🤖 AI Summary
This study addresses the catastrophic failure of autonomous agents in iterative optimization, where conventional metrics like accuracy mask poor performance on low-prevalence tasks—leading to “zero-detection, high-accuracy” scenarios. Building upon the Pythia open-source framework for automated prompt optimization, the authors investigate validation sensitivity instability across three clinical symptom detection tasks with varying prevalence rates. They propose two intervention strategies: a guidance agent and a selection agent. Experimental results demonstrate that the selection agent, leveraging retrospective choice, effectively stabilizes the optimization process. Notably, with only a single natural language term as input, this approach substantially improves detection performance for low-prevalence symptoms: F1 scores for “brain fog” detection surpass those of an expert-curated dictionary by 331%, and chest pain detection improves by 7%.
📝 Abstract
Autonomous agentic workflows that iteratively refine their own behavior hold considerable promise, yet their failure modes remain poorly characterized. We investigate optimization instability, a phenomenon in which continued autonomous improvement paradoxically degrades classifier performance, using Pythia, an open-source framework for automated prompt optimization.

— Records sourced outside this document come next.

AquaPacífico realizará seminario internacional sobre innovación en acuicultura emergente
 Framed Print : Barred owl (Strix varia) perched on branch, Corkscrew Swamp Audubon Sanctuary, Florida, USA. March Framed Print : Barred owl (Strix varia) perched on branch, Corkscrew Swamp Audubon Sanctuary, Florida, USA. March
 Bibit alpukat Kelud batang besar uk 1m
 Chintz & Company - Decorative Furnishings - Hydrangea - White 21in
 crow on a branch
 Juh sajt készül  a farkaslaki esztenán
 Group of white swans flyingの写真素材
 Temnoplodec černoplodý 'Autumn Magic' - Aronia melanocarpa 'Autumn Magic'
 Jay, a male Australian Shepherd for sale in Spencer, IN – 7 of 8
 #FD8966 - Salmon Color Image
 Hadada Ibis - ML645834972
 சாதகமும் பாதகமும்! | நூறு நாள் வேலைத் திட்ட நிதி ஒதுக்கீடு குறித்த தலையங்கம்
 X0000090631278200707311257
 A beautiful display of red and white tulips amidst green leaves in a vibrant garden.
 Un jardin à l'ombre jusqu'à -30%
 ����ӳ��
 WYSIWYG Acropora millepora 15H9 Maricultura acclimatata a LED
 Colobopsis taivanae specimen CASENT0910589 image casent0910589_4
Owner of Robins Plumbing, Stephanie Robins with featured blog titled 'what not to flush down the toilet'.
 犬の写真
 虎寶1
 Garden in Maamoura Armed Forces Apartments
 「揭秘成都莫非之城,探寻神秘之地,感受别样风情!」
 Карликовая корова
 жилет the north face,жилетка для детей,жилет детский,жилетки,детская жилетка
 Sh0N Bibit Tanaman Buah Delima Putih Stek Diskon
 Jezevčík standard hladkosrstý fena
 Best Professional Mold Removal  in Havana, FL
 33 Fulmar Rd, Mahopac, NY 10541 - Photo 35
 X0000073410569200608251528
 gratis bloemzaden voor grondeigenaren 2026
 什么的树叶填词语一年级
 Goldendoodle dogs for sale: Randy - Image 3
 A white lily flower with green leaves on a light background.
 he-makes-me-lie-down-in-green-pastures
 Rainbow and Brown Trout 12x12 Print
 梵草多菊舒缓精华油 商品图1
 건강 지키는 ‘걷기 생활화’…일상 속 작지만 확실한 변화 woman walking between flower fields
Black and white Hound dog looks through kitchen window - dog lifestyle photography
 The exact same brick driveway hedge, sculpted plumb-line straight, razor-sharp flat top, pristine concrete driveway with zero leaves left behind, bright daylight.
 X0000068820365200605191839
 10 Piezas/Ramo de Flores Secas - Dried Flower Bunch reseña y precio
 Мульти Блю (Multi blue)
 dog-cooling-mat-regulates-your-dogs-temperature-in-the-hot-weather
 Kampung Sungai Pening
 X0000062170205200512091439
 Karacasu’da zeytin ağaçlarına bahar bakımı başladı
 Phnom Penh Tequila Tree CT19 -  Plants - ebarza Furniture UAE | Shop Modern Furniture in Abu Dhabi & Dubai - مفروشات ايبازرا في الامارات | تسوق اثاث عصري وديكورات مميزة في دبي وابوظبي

Evaluating three clinical symptoms with varying prevalence (shortness of breath at 23%, chest pain at 12%, and Long COVID brain fog at 3%), we observed that validation sensitivity oscillated between 1.0 and 0.0 across iterations, with severity inversely proportional to class prevalence. At 3% prevalence, the system achieved 95% accuracy while detecting zero positive cases, a failure mode obscured by standard evaluation metrics. We evaluated two interventions: a guiding agent that actively redirected optimization, amplifying overfitting rather than correcting it, and a selector agent that retrospectively identified the best-performing iteration successfully prevented catastrophic failure. With selector agent oversight, the system outperformed expert-curated lexicons on brain fog detection by 331% (F1) and chest pain by 7%, despite requiring only a single natural language term as input. These findings characterize a critical failure mode of autonomous AI systems and demonstrate that retrospective selection outperforms active intervention for stabilization in low-prevalence classification tasks.